··· EXERCISE DATA ···

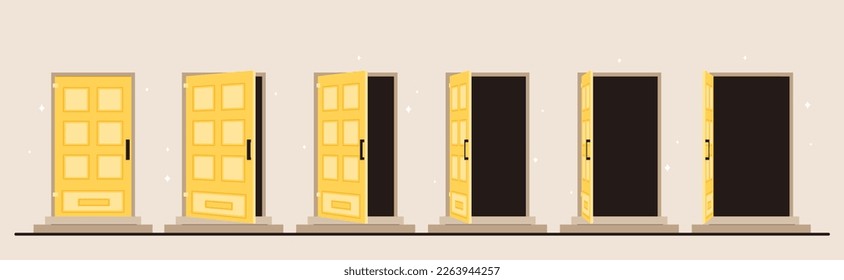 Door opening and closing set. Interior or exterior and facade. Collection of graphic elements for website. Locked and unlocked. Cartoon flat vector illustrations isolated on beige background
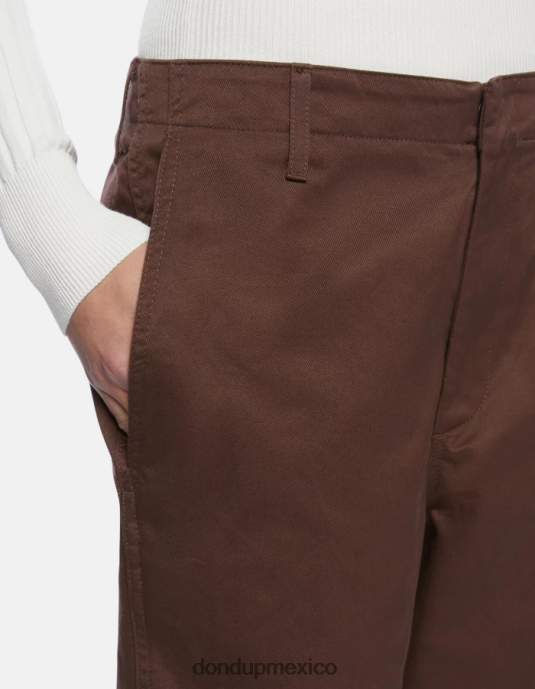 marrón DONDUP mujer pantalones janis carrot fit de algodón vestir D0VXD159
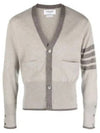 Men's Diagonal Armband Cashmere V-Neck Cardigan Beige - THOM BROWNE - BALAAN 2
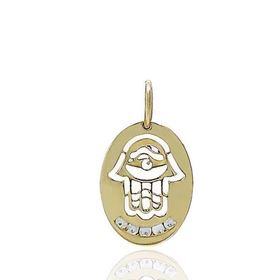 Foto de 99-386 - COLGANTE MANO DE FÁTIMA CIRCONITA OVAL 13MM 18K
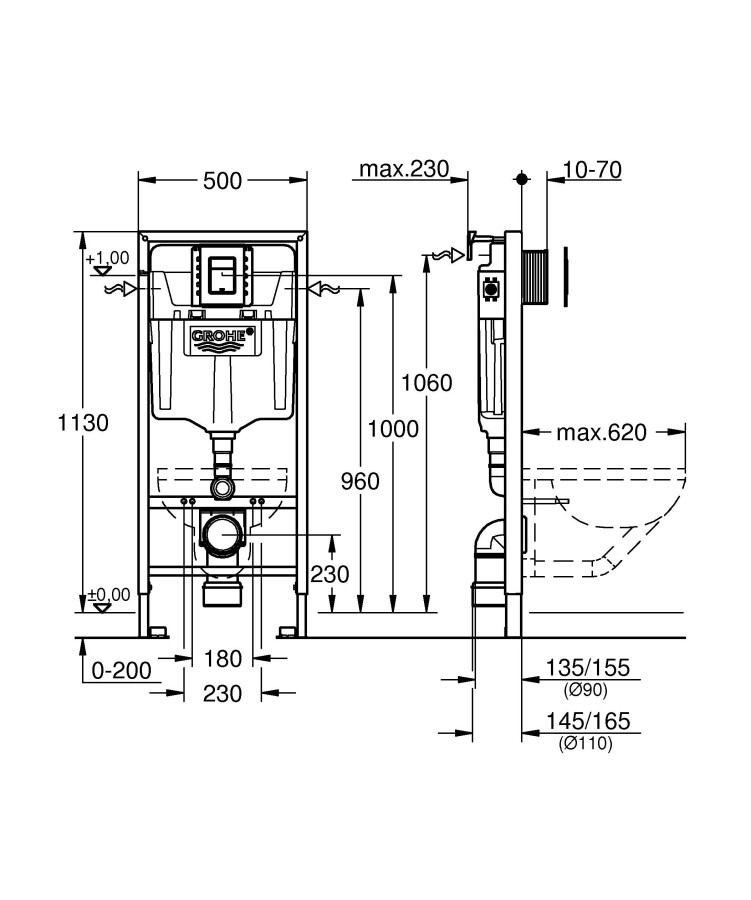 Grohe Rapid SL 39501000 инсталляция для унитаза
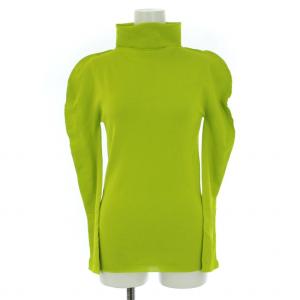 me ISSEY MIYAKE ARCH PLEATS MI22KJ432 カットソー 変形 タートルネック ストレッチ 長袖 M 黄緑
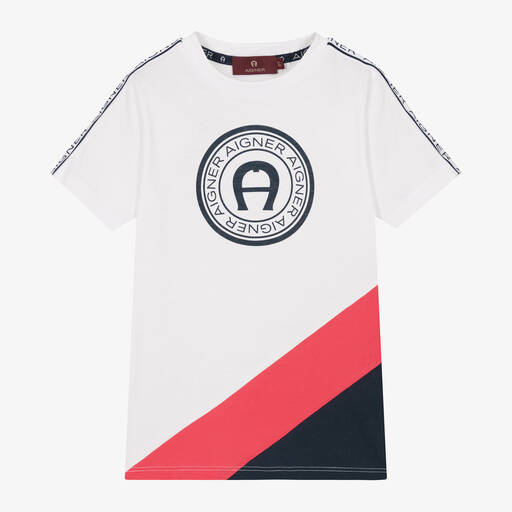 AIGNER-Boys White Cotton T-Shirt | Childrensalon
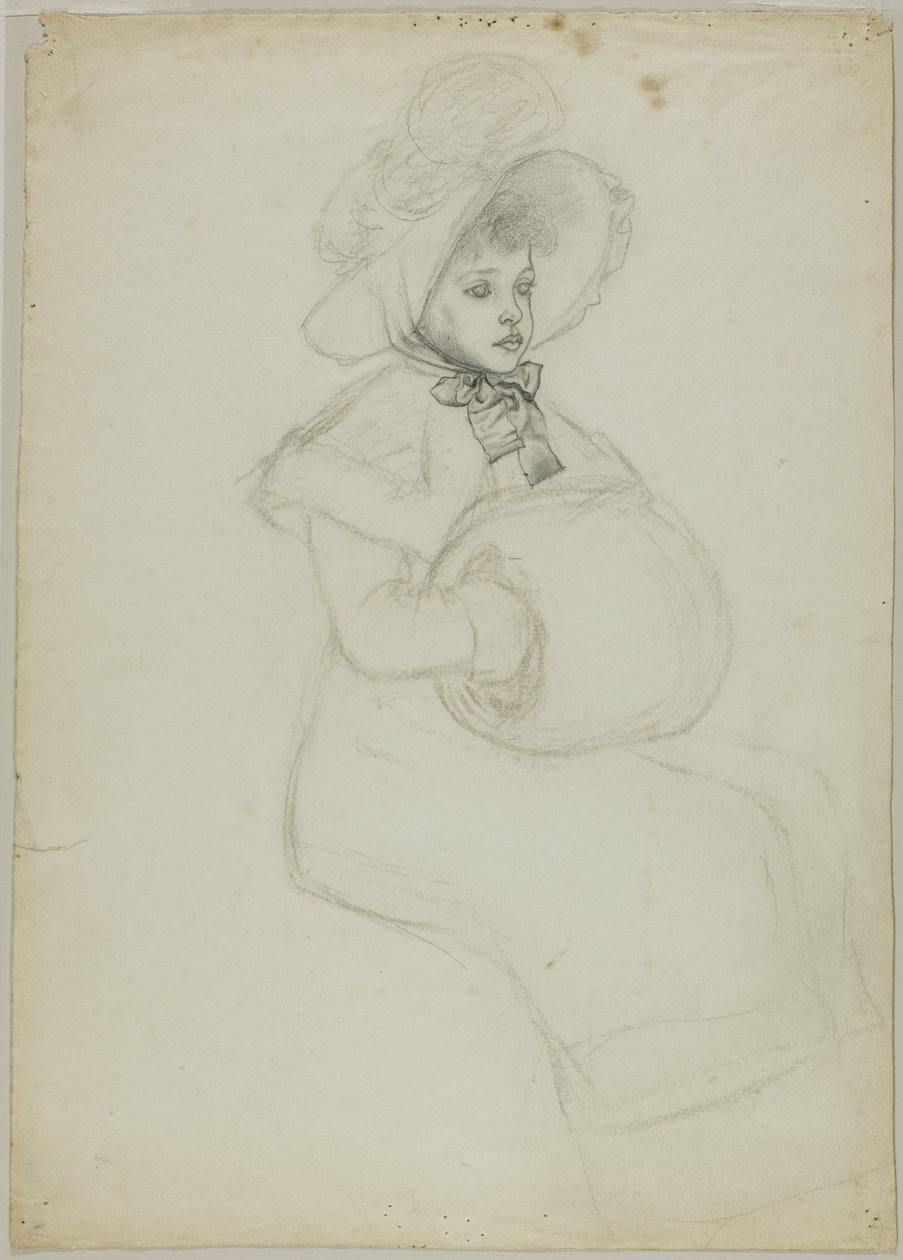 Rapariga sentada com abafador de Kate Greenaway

···
··· EXERCISE DATA ···

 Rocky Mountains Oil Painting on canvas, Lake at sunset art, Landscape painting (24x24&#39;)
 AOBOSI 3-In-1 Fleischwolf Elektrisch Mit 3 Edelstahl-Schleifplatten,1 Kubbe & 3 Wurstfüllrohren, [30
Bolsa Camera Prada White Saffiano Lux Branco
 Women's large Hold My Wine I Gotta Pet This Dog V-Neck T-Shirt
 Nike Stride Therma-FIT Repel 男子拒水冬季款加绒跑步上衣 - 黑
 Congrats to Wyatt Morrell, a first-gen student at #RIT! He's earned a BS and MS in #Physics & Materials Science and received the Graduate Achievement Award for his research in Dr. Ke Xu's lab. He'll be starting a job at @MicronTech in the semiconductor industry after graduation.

···

- DIRECTIONS
Copy word for word the lines above, starting at the line containing "Door opening and" and ending at the line containing "Foto de 99-386", inclusive, with no pictures.

- RESPONSE TO THIS TASK
 Door opening and closing set. Interior or exterior and facade. Collection of graphic elements for website. Locked and unlocked. Cartoon flat vector illustrations isolated on beige background
 marrón DONDUP mujer pantalones janis carrot fit de algodón vestir D0VXD159
 Men's Diagonal Armband Cashmere V-Neck Cardigan Beige - THOM BROWNE - BALAAN 2
 Foto de 99-386 - COLGANTE MANO DE FÁTIMA CIRCONITA OVAL 13MM 18K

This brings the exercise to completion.